TASK DESCRIPTION:
Each line in the entries below that holds the word "Gallery" belongs in the answer.

DATASET CONTENT:
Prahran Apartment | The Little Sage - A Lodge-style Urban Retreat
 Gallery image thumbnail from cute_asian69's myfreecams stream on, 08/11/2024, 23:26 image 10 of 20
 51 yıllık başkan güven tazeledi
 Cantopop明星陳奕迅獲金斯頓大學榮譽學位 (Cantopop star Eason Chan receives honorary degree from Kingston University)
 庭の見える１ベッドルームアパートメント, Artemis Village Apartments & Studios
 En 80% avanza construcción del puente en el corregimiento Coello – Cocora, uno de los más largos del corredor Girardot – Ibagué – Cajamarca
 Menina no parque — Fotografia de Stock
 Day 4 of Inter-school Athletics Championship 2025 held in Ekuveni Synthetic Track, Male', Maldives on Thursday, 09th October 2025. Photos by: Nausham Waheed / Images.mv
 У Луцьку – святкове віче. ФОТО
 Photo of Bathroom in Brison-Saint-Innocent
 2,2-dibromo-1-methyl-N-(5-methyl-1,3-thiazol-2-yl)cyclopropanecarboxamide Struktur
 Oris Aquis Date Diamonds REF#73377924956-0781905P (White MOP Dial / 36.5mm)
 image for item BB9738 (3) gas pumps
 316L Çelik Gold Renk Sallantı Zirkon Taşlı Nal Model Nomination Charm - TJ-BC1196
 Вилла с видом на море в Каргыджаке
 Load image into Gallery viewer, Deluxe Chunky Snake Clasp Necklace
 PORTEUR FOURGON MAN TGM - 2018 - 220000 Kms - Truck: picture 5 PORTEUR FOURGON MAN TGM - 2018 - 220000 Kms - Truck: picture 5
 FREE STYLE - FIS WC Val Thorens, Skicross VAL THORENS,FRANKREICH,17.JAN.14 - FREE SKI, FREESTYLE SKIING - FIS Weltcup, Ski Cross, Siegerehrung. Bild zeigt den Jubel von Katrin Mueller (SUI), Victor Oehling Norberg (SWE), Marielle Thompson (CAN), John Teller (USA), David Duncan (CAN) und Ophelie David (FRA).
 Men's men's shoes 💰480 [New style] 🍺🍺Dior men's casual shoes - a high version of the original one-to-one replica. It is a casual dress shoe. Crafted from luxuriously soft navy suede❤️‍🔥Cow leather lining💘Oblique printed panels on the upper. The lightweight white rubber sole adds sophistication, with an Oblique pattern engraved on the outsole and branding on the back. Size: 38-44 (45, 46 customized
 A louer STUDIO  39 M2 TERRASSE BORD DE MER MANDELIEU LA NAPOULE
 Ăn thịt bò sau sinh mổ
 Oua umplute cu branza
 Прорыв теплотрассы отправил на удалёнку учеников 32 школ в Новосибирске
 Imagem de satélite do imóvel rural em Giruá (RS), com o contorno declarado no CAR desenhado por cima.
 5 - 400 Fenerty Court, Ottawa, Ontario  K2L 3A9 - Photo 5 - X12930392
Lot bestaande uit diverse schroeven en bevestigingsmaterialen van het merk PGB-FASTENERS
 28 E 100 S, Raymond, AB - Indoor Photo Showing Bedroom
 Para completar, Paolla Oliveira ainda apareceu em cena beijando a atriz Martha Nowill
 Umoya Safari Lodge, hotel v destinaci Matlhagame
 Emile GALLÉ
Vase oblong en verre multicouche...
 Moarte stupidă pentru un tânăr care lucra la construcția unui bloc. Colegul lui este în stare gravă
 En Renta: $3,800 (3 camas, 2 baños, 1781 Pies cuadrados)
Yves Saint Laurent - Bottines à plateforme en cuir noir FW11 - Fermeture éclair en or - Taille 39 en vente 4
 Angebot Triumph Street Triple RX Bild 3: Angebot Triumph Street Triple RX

EXPECTED OUTPUT:
 Gallery image thumbnail from cute_asian69's myfreecams stream on, 08/11/2024, 23:26 image 10 of 20
 Load image into Gallery viewer, Deluxe Chunky Snake Clasp Necklace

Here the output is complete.